DATASET EXCERPTS:
---------------

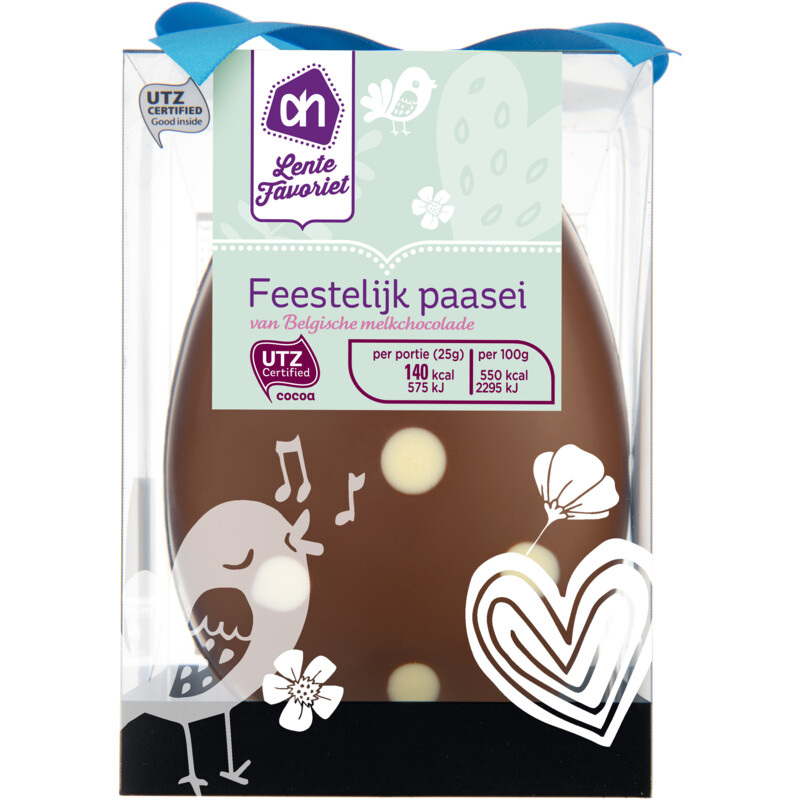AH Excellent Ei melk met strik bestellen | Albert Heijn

---------------

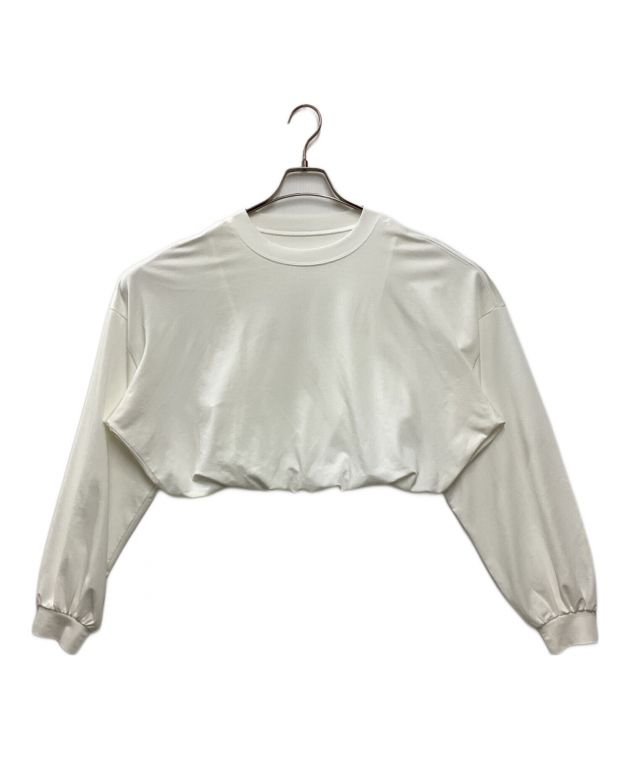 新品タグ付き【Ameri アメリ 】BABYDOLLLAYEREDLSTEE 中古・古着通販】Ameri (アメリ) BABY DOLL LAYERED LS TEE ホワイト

---------------

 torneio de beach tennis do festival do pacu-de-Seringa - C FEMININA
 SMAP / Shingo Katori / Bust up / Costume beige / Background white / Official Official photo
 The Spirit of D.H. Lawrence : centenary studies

---------------

What you give back must be the stretch above, starting at the line with "torneio de beach" and ending at the line with "The Spirit of", copied exactly.

TASK SOLUTION:
 torneio de beach tennis do festival do pacu-de-Seringa - C FEMININA
 SMAP / Shingo Katori / Bust up / Costume beige / Background white / Official Official photo
 The Spirit of D.H. Lawrence : centenary studies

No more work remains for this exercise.